New material contributing to the fourth and sixth tablets also further corroborated other elements of Berossus' account. The seventh tablet added by King was a praise of Marduk, using around fifty titles over more than one hundred lines of cuneiform. Thus King's composition of Enūma Eliš consisted of five parts: the birth of gods, legend of Ea and Apsu, Tiamat primeval serpent myth, account of creation, and finally a hymn to Marduk using his many titles. Importantly, tablets, both Assyrian and Babylonian, when possessing colophons had the number of the tablet inscribed.

Further expeditions by German researchers uncovered further tablet fragments (specifically tablet 1, 6, and 7) during the period 1902–1914. These works replaced Marduk with the Assyrian god Ashur; additional important sources for tablets 1 and 6, and tablet 7 were discovered by expeditions in 1924–25 and 1928–29 respectively. The Ashur texts uncovered by the Germans necessitated some corrections: it was Kingu, not Marduk, who was killed and whose blood made men. These discoveries were further supplemented by purchases from antiquity dealers. As a result, by the mid 20th century most of the text of the work was known, with the exception of tablet 5. These further discoveries were complemented by a stream of publications and translations in the early 20th century.

In the 21st century, the text remains a subject of active research, analysis, and discussion. Significant publications include: The Standard Babylonian Creation Myth Enūma Eliš (Talon 2005); Das Babylonische Weltschöpfungsepos Enuma Elis (Kämmerer & Metzler 2012); Babylonian Creation Myths (Lambert 2013); enūma eliš: Weg zu einer globalen Weltordnung (Gabriel 2014); and other works still.

=== Date ===

The earliest manuscript of the myth was excavated from Assur and dated to the 9th century BCE, though may have been recited as part of oral tradition prior to this date.

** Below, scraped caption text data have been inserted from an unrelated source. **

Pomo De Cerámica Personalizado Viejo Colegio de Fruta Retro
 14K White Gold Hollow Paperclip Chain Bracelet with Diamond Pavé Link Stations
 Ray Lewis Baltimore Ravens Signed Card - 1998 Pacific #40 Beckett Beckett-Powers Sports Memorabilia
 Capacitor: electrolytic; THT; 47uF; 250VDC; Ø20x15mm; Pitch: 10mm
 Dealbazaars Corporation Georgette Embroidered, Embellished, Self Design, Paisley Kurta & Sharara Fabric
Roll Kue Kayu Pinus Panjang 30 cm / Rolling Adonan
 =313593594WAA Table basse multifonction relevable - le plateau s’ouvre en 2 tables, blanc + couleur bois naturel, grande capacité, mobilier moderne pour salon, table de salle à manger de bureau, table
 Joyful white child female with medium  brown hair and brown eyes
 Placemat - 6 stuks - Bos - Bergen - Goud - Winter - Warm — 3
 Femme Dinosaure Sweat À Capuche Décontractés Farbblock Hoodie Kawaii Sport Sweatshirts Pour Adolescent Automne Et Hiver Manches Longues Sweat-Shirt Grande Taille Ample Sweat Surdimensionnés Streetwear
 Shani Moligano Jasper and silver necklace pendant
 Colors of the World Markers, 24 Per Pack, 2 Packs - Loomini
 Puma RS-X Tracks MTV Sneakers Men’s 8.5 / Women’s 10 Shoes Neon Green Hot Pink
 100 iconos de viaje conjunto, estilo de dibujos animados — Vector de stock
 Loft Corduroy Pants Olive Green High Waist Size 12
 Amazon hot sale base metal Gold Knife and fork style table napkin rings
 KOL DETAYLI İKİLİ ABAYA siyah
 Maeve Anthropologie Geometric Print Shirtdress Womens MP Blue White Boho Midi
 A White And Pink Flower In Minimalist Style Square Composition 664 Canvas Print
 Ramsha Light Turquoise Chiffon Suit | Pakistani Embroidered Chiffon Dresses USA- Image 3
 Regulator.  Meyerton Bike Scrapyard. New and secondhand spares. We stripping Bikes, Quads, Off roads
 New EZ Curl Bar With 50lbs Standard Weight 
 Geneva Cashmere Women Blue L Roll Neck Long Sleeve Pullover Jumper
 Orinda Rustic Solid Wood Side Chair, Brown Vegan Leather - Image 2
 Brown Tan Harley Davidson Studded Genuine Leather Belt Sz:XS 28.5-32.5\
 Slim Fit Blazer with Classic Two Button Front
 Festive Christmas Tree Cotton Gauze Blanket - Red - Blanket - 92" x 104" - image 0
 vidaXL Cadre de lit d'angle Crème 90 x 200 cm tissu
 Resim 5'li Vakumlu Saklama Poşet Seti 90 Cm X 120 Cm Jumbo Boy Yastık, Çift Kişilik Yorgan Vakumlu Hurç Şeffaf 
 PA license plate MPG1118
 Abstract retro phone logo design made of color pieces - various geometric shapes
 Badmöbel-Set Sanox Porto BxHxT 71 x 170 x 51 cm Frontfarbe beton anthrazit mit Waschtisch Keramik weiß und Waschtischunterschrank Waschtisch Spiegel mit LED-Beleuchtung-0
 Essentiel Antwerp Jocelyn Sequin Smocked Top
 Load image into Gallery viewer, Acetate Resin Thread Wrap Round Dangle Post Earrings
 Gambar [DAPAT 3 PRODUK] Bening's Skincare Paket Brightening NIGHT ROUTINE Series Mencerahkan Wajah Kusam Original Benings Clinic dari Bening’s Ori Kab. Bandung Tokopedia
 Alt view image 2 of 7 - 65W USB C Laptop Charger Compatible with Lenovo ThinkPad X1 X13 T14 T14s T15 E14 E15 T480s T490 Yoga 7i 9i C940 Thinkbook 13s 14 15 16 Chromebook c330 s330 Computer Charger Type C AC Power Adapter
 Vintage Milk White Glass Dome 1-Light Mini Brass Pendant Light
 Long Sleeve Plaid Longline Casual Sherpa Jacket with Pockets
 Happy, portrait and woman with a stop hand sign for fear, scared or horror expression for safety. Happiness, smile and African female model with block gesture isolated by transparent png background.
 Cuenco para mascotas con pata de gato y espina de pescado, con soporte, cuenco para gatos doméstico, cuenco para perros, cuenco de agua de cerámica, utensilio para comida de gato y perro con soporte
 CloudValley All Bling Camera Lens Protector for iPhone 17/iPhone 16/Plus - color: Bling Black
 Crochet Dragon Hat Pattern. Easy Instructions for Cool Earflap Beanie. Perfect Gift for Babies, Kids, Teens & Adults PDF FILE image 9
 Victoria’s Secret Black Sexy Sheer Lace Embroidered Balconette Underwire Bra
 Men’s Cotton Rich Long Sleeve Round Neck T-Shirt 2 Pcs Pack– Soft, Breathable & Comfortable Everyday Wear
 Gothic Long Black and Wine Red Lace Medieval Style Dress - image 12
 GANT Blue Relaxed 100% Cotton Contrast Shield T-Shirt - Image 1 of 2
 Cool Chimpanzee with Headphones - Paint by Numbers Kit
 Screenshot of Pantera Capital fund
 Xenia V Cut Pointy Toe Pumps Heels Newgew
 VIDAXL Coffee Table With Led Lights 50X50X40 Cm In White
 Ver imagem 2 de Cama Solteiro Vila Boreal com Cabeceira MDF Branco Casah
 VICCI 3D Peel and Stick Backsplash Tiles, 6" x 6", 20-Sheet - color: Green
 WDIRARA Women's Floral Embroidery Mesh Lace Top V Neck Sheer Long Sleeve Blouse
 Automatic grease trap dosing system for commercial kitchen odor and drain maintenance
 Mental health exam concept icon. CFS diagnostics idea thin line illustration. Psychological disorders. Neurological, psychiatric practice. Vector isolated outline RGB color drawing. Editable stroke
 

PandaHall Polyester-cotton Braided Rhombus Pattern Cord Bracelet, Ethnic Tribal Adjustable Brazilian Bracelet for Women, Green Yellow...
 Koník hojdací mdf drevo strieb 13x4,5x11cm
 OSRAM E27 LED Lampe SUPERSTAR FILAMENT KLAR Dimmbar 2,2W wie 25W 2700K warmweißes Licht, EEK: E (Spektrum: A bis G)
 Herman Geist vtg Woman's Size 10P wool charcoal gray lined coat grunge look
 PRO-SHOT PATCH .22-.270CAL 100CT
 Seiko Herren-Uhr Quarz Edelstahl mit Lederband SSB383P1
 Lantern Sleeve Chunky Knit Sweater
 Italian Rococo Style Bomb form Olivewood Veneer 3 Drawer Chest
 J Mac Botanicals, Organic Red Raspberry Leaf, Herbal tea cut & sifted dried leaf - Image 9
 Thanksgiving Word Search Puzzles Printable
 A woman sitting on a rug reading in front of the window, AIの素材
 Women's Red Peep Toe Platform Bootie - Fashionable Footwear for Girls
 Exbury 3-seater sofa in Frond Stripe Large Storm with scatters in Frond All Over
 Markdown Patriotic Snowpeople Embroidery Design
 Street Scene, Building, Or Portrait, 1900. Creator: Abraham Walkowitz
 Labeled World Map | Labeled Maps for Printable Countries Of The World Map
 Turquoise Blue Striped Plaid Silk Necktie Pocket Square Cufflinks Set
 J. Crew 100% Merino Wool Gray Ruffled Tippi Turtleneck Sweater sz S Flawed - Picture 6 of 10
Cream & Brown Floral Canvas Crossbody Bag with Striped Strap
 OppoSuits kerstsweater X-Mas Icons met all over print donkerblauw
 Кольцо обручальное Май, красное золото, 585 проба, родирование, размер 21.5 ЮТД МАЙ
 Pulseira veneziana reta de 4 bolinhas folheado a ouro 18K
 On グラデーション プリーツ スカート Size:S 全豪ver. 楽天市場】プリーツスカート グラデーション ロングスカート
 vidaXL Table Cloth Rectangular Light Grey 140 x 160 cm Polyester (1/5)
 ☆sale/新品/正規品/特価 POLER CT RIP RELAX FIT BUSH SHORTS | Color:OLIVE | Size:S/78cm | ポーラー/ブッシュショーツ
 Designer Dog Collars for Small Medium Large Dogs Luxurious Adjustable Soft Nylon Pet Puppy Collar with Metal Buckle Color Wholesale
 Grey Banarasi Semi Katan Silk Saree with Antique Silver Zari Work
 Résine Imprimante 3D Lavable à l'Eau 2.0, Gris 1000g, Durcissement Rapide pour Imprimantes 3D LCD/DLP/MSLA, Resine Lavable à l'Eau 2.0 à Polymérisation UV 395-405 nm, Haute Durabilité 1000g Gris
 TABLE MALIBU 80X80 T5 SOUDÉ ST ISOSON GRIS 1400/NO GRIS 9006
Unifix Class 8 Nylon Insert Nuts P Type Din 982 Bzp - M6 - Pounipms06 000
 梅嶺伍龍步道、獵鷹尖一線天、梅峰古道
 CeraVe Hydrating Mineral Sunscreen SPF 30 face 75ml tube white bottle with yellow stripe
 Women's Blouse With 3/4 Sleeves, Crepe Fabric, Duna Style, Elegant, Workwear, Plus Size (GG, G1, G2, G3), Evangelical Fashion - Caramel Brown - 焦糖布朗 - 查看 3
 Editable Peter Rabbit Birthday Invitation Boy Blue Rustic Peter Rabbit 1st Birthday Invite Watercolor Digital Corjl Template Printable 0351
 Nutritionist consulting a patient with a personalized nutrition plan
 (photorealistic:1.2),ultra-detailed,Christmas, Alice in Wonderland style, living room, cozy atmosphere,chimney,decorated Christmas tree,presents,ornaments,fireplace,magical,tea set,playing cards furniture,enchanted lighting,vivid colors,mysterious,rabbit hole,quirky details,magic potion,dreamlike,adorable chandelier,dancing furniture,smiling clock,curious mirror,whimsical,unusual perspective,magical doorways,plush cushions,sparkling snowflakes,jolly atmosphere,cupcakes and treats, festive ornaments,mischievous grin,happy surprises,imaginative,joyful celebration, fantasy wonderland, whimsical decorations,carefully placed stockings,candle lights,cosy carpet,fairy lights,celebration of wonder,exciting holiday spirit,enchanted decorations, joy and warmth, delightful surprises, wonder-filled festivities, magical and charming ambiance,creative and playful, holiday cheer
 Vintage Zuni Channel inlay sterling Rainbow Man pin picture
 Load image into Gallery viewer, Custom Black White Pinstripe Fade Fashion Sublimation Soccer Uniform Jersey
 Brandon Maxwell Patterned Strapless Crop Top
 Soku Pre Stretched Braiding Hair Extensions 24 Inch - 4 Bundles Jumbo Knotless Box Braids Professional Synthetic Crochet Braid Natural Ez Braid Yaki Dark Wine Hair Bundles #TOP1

While it used to be viewed that Enuma Elish was composed in the reign of Hammurabi, most scholars now believe it is unlikely and accept a dating to the Second Dynasty of Isin. During the Old Babylonian period, Marduk was not the pantheon head, appearing instead as the mediator between the great gods and Hammurabi, and there is no evidence that Hammurabi or his successors promoted Marduk at the expense of the other gods. It was during the Second Dynasty of Isin that Marduk started to be referred to as the king of the gods, with the return of the statue of Marduk from Elam by Nebuchadnezzar I. Sommerfield's suggestion that Enuma Elish should be dated instead to the Kassite period, was countered by Lambert, but the god list An = Anum does give the number 50, which traditionally belongs to Enlil, to Marduk. Dalley still proposes that Enuma Elish was written during the Old Babylonian Period, but other scholars find her proposal unlikely.

=== Variants ===
Numerous copies of the tablets exist. Even by 1902 fragments of four copies of the first tablet were known, as well as extracts, possibly examples of 'handwriting practice'. Tablets from the library of Ashur-bani-pal tended to be well written on fine clay, whereas the Neo-Babylonian tablets were often less well written and made, though fine examples existed. All tablets, both Assyrian and Babylonian had the text in lines, not columns, and the form of the text was generally identical between both.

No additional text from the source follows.